Search code examples
pythonmultithreadingnumpymultiprocessingpython-itertools

Find all binary strings of certain weight has fast as possible


I want to find binary strings of a certain weight. The amount of such strings grows to the point of a memory error, so I'm currently generating them with a generator. This code generators all length n binary strings with weight k:

def kbits(n, k):
    for bits in itertools.combinations(range(n), k):
        s = ['0'] * n
        for bit in bits:
            s[bit] = '1'
        yield ''.join(s)

for b in kbits(length, weight):
    print(b)

So for length = 3 and weight = 2, we get 110, 101, 011.

My research requires me to parse through values such as n = 56 and k = 7, which takes around 24 hours on my device. I'd also like to try n = 72 and k = 8, which (based on the time of the previous result) may take 365 days. So I'm wondering two things:

  1. Is this the quickest (non-memory) intensive way of generating these binary strings?
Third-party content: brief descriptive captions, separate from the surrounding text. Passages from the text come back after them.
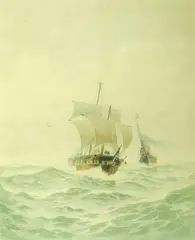 Frederick S. Cozzens, Ships at Sea, Watercolor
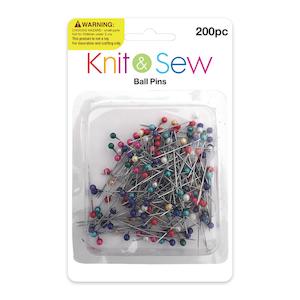 Sewing Pearl Ball Pins Asst 200pc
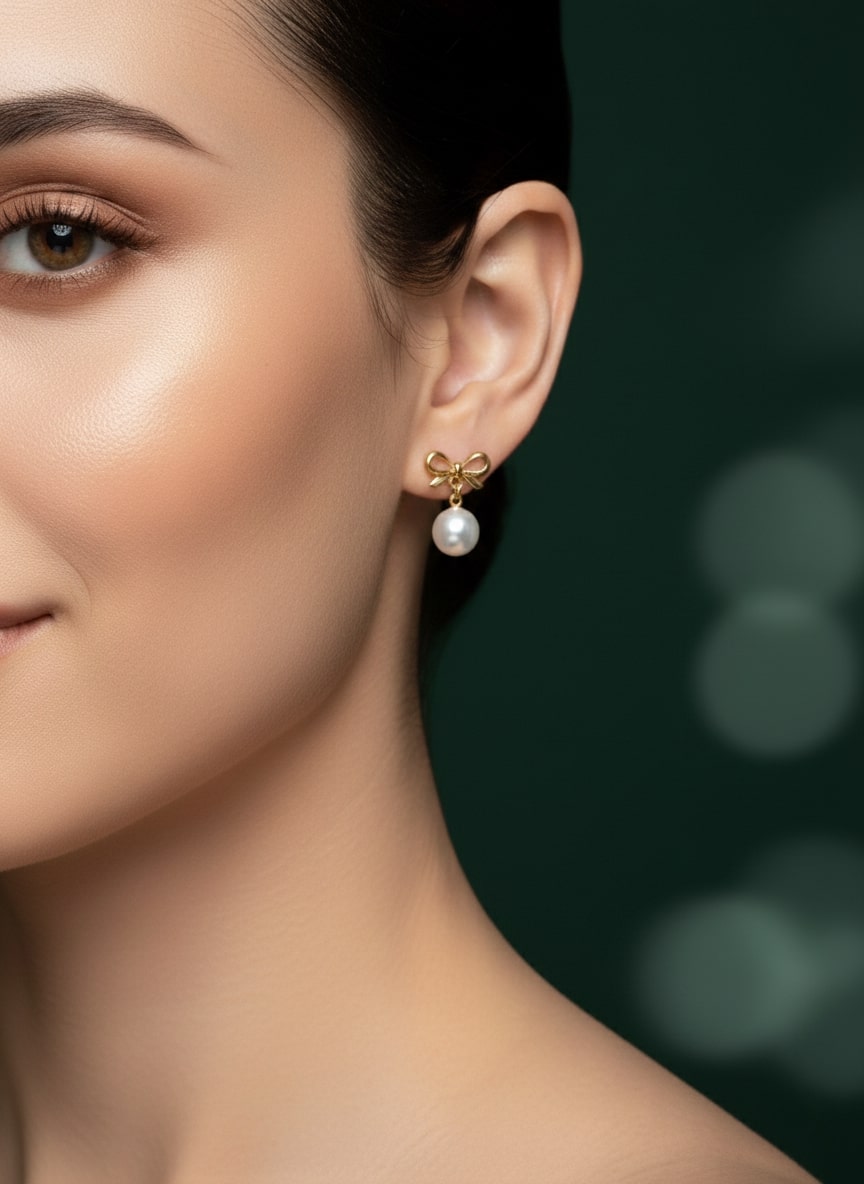 Trendy Bow With Beautiful Pearl Earrings
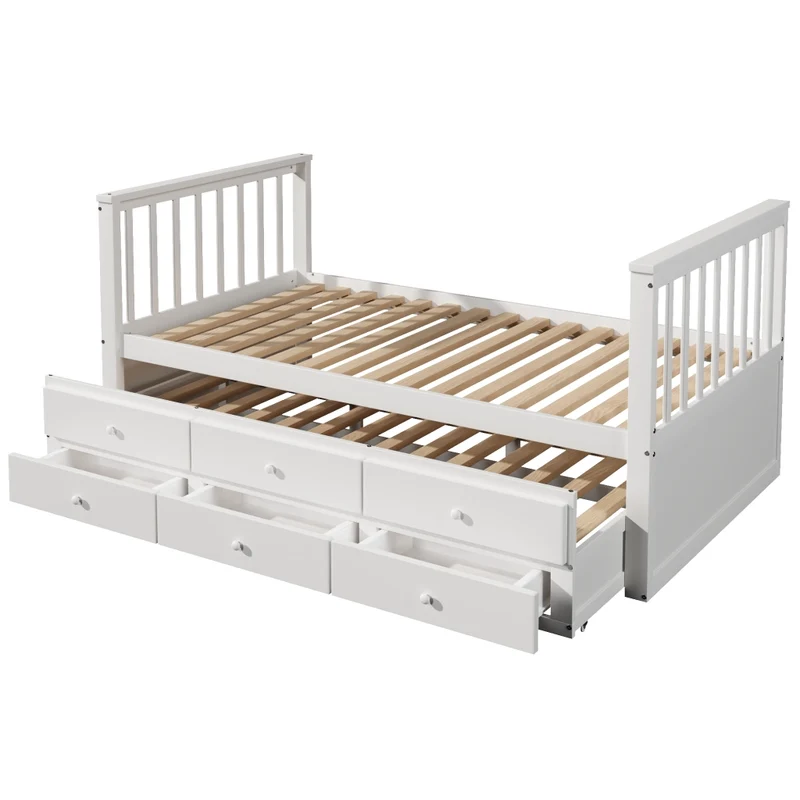 Letto singolo bianco 90x200 cm in legno massello con letto estraibile 90x190 cm e 3 cassetti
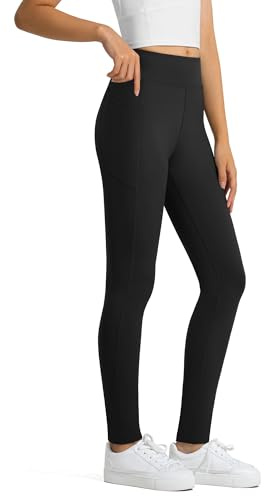 JOCMIC Girls Fleece Lined Cross High Waist Leggings for Yoga Dance Gym Pants with Pocket Black, 13-14 Years, Tag160
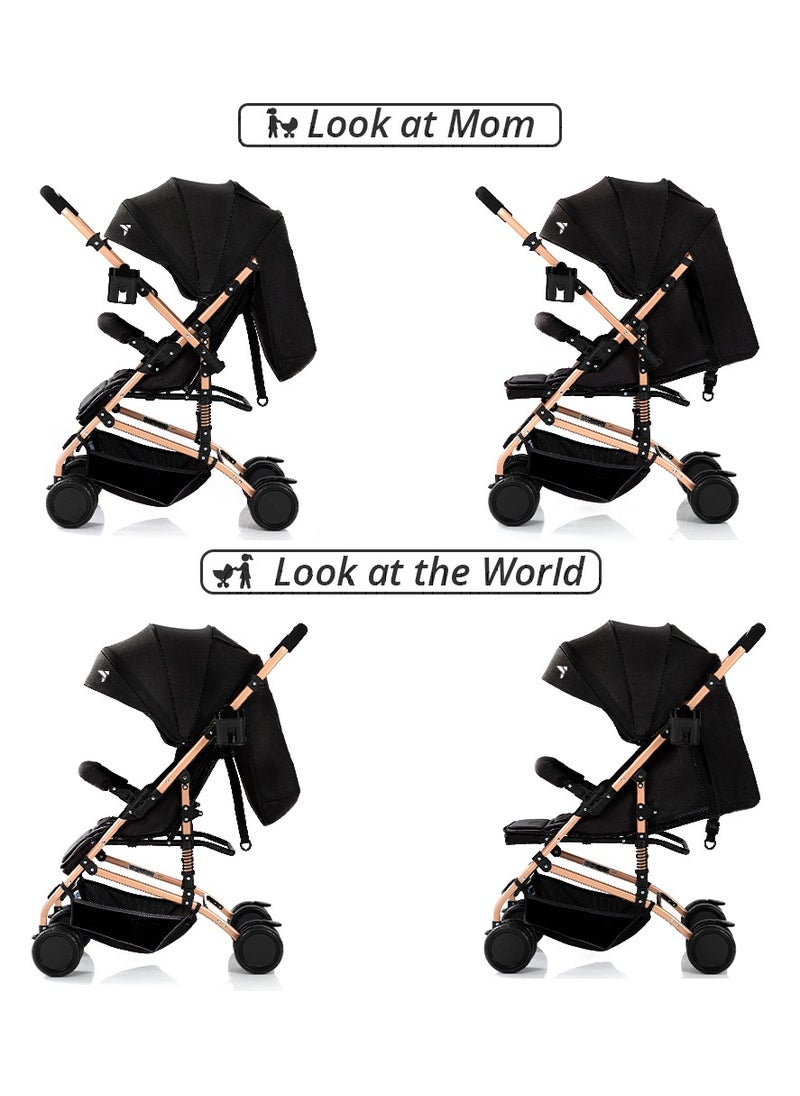 TEKNUM Teknum Reversible Trip Stroller with Blue Ace Diaper Bag - Black  - Image 4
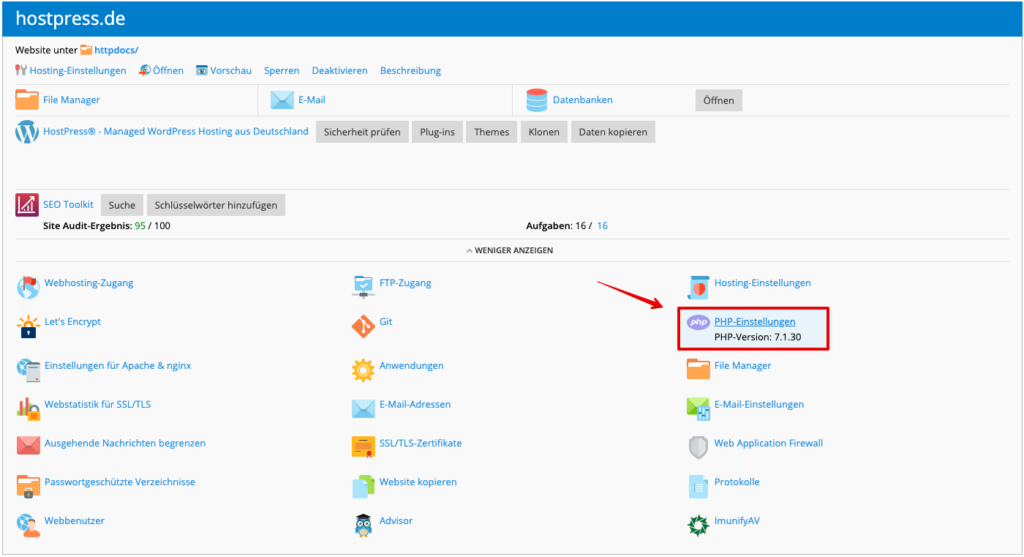 Screenshot: PLESK Benutzeroberfläche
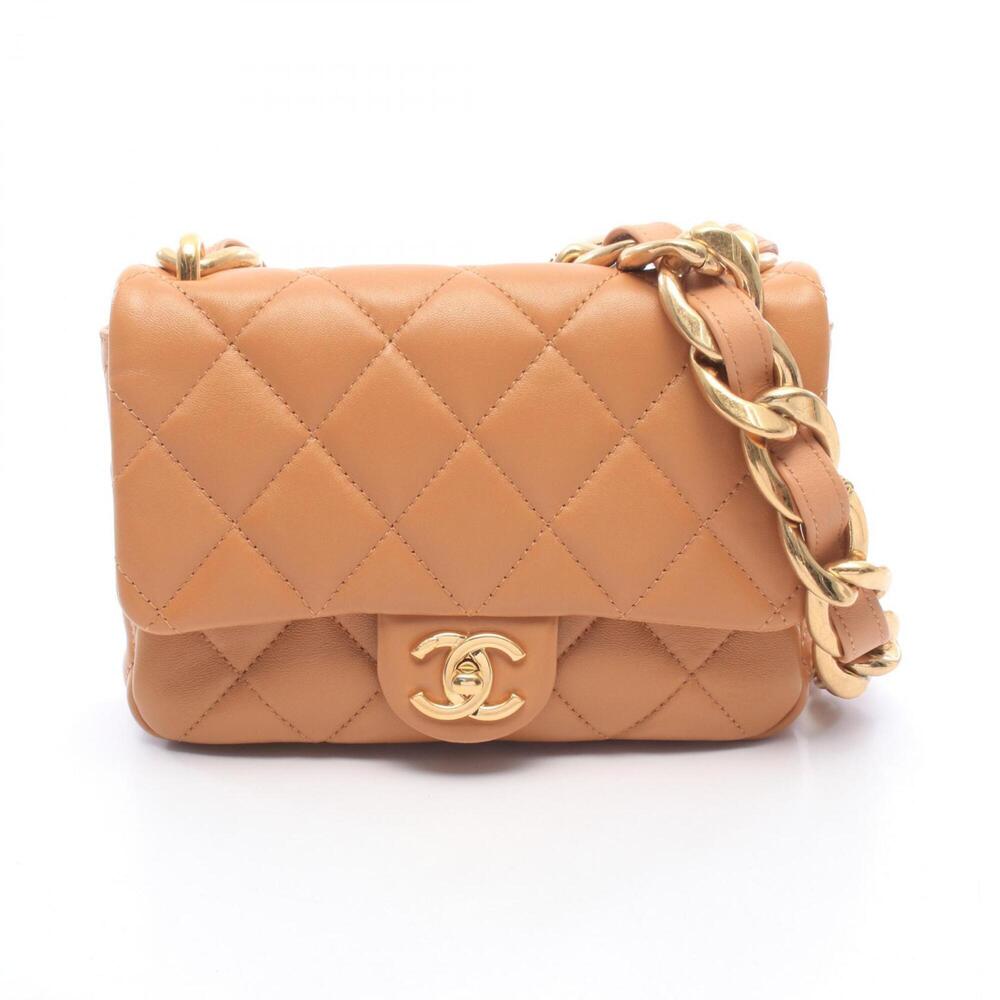 Chanel Matelassé Small Flap Bag, Shoulder Handbag, Leather, Women's, Brown, A...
  2. Is it possible to have multiple cores of my CPU working on this at once? I'm assuming itertools is parsing through a sequence. If (let's say) we had a 2-core CPU, would it be possible to have the first core parse the first 50% of the sequence and the second core to do the latter half?

EDIT:

Perhaps I should mention that for each boolean b, I'd like to perform the following least-squares computation, where N is some defined matrix:

for b in kbits(size, max_coclique):
    v = np.linalg.lstsq(N,np.array(list(b), dtype = float))
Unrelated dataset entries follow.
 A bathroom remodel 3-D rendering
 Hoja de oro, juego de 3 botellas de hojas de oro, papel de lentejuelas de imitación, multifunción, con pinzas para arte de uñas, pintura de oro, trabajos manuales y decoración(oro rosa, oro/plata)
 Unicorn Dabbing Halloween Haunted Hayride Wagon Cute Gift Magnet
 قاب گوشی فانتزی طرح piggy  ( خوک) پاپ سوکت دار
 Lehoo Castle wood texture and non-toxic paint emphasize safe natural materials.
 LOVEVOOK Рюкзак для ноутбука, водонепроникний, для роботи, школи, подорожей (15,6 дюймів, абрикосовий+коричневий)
i.e. I require the ultimate expected output format for b to be a numpy array with 0/1 values. (That is unless there is some extremely fast way of doing all of this - including the least-squares computation - in a different way.)

Note: I'm also running this in Sage, as I am utilizing its database of transitive groups.


Solution

  • Given a value with weight k, you can get the lexically next value as follows:

    1. Find the rightmost 0 to the left of the rightmost 1.
    2. move a 1 from the right into that 0
    3. move all the other 1s to the right of that zero as far right as possible.
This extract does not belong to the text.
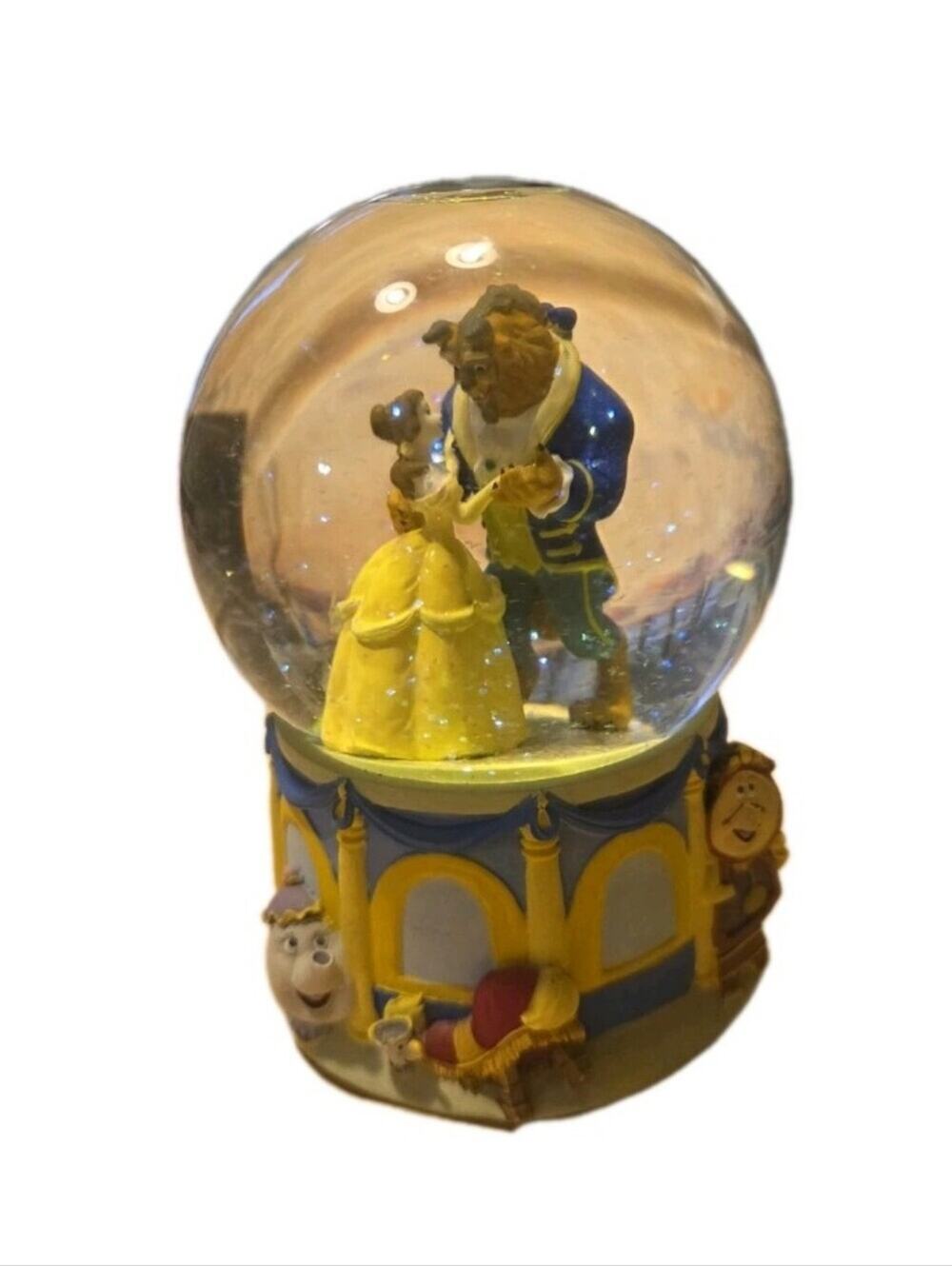 Disney Beauty and the Beast Yellow & Blue Dancing Couple Snow Globe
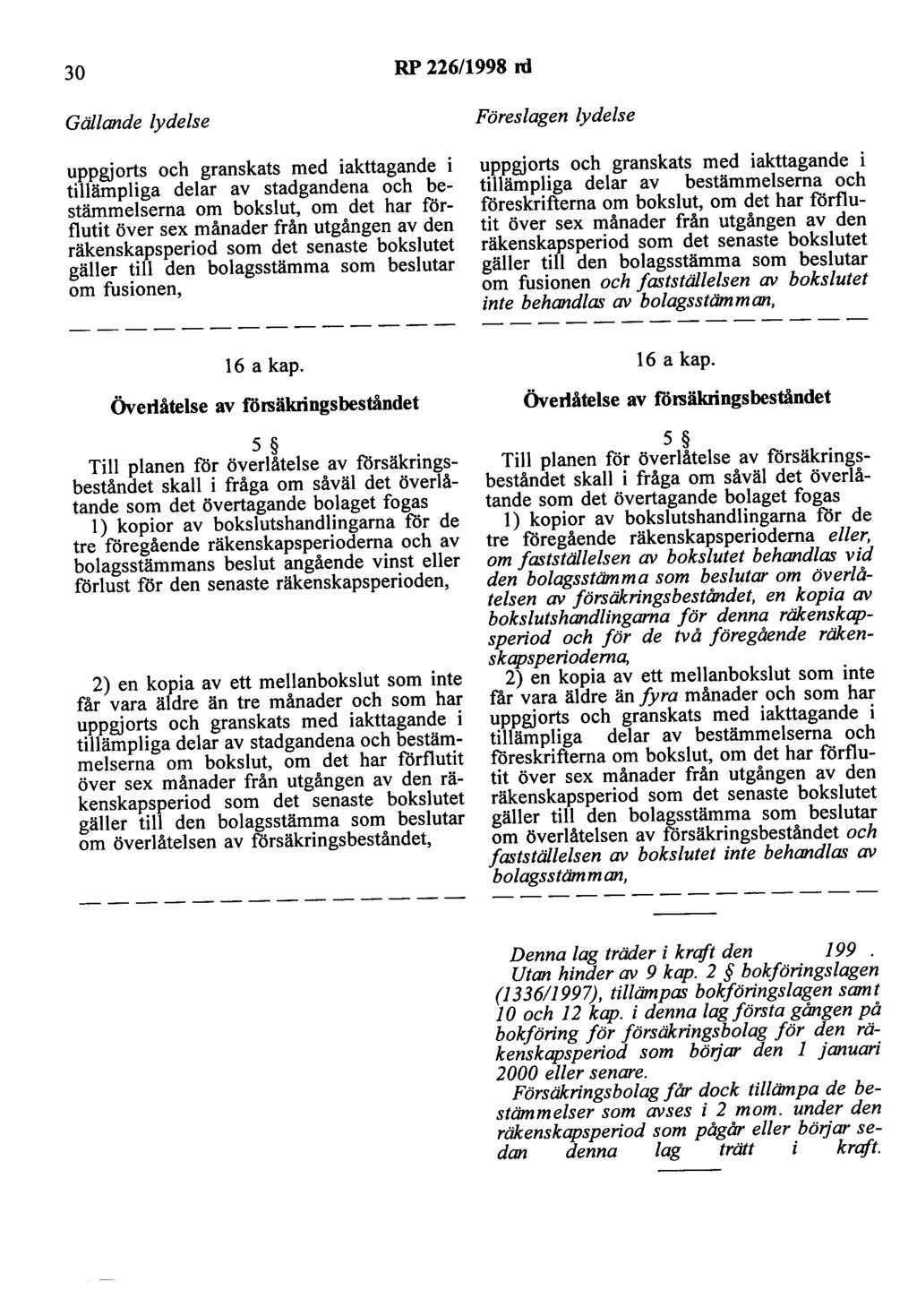 30 RP 226/1998 rd Gällande lydelse uppgjorts och granskats med iakttagande i tillämpliga delar av stadgandena och bestämmelserna om bokslut, om det har förflutit över sex månader från utgången av den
    This is the binary version of the Pandita algorithm: https://en.wikipedia.org/wiki/Permutation#Generation_in_lexicographic_order

    You can do it with bit manipulations like this:

    def kbits(n, k):
        limit=1<<n
        val=(1<<k)-1
        while val<limit:
            yield "{0:0{1}b}".format(val,n)
            minbit=val&-val #rightmost 1 bit
            fillbit = (val+minbit)&~val  #rightmost 0 to the left of that bit
            val = val+minbit | (fillbit//(minbit<<1))-1
    

    There are probably some opportunities for optimization remaining, but the time will be dominated by formatting the values as binary strings in the yield statement.